The company’s allogeneic (off-the-shelf) cell platform utilises induced pluripotent stem cells (iPSCs) generated from donated cord blood, which can be differentiated into NK cells, T cells, and other immune system cells. Cartherics' lead product, CTH-401, is an investigational allogeneic iPSC-derived chimeric antigen receptor (CAR) natural killer (NK) cell therapy designed to target solid tumours. Following a successful pre-investigational new drug (pre-IND) meeting with the US Food and Drug Administration (FDA), CTH-401 is set to enter clinical trials for ovarian cancer in 2025. Subject to early clinical data, CTH-401 will subsequently enter a basket trial targeting other TAG-72+ solid cancers. Prof. Alan Trounson, CEO of Cartherics, sheds light on iPSCs for CAR-T therapies, the future of immunotherapies, and the CGT landscape in the APAC region. Edited excerpts:
Could you explain more about the advantages of using iPSCs from cord blood for creating your ‘off-the-shelf’ CAR-NK and CAR-T therapies?
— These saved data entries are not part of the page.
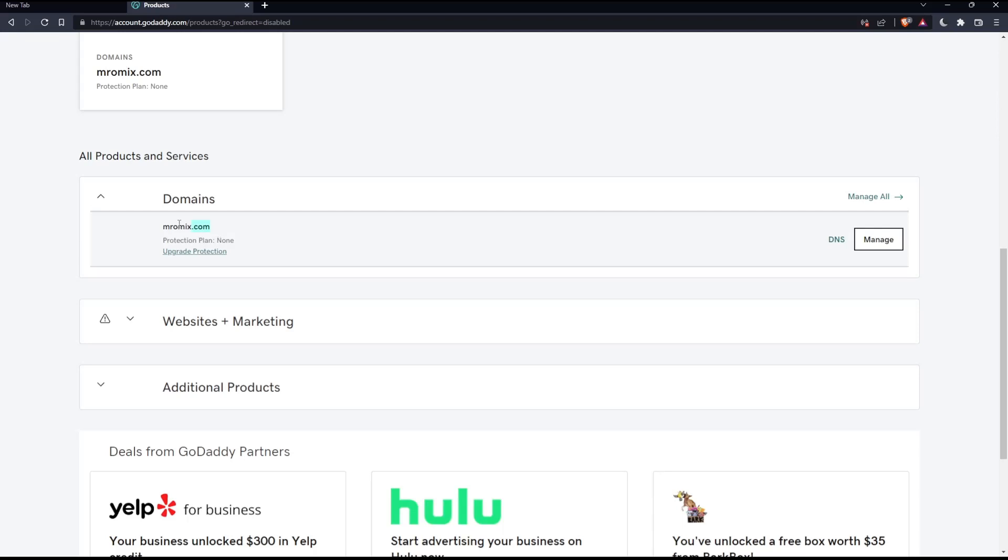And as you can see here for this website or for this domain name, protection plan is not enabled. And if I want to make my protection plan good and I want to make my website secure, I can simply click on update or upgrade protection.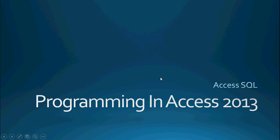Hello again everyone and welcome back to Programming in Access 2013. My name is Steve Bishop.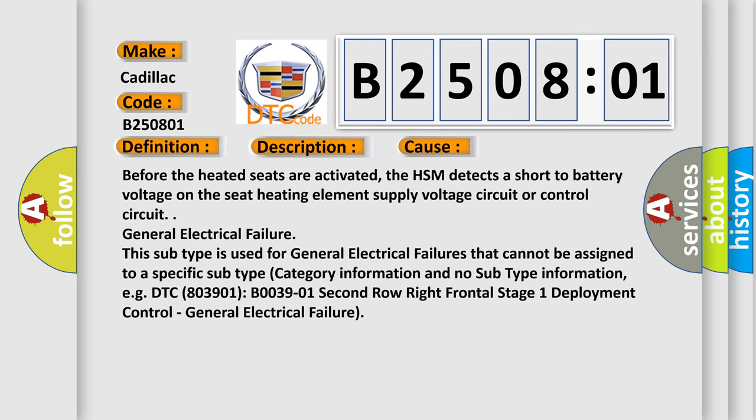General electrical failure. This subtype is used for general electrical failures that cannot be assigned to a specific subtype category information and no subtype information.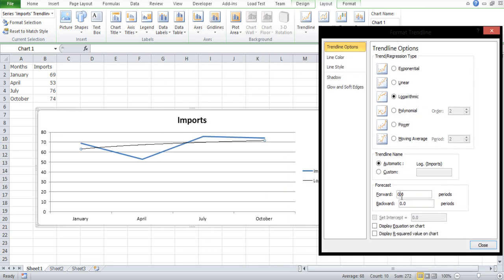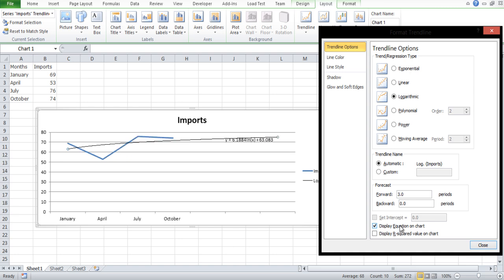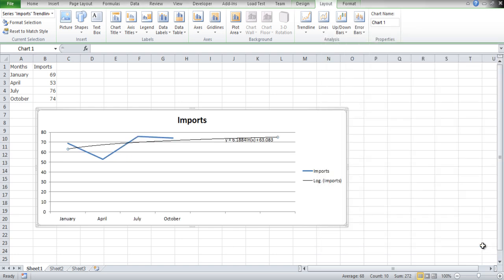A trendline then appears on the graph, showing the estimated extrapolated values according to the data on the sheet. And that's it! This is the simplest way to extrapolate an Excel graph.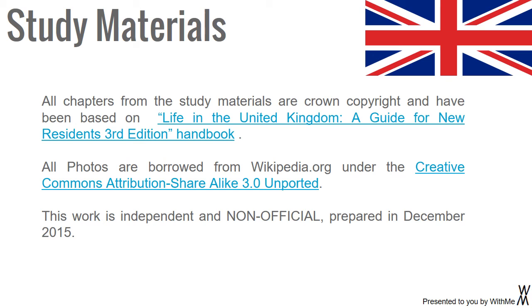Study Materials: All chapters from the study materials are Crown copyright and have been based on 'Life in the United Kingdom: A Guide for New Residents,' third edition handbook. All photos are borrowed from wikipedia.org under the Creative Commons Attribution Share Alike 3.0 Unported. This work is independent and non-official, prepared in December 2015.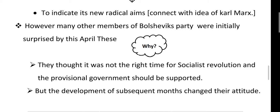The members of the Bolshevik party felt that since the revolution had just occurred and things were settling down, the provisional government was already functioning, so they should continue to support it rather than push for another revolution at this time.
Umbilical cord blood contains pristine blood cells that have very few spontaneous or induced mutations, can be selected for homozygosity at the HLA locus, that provide the opportunity for transplant compatibility and can be turned into iPSCs that are immortal and can be directed into any cell of the body. These iPSCs can be easily geneedited and have exact editing and freedom from genetic changes by clonal derivation as a therapeutic product free of potential oncogenic inducers. The cells produced are exact clones of each other, much like a drug product. This can only be achieved with pluripotent stem cells. Directing the gene-edited iPSCs into CAR-T and CAR-NK products involves a proprietary method as is the manufacturing process. Consequently, we can use CAR-NK cells for allogeneic (off-the-shelf) therapy. CAR-T cells produced this way need further alteration for allogeneic therapy.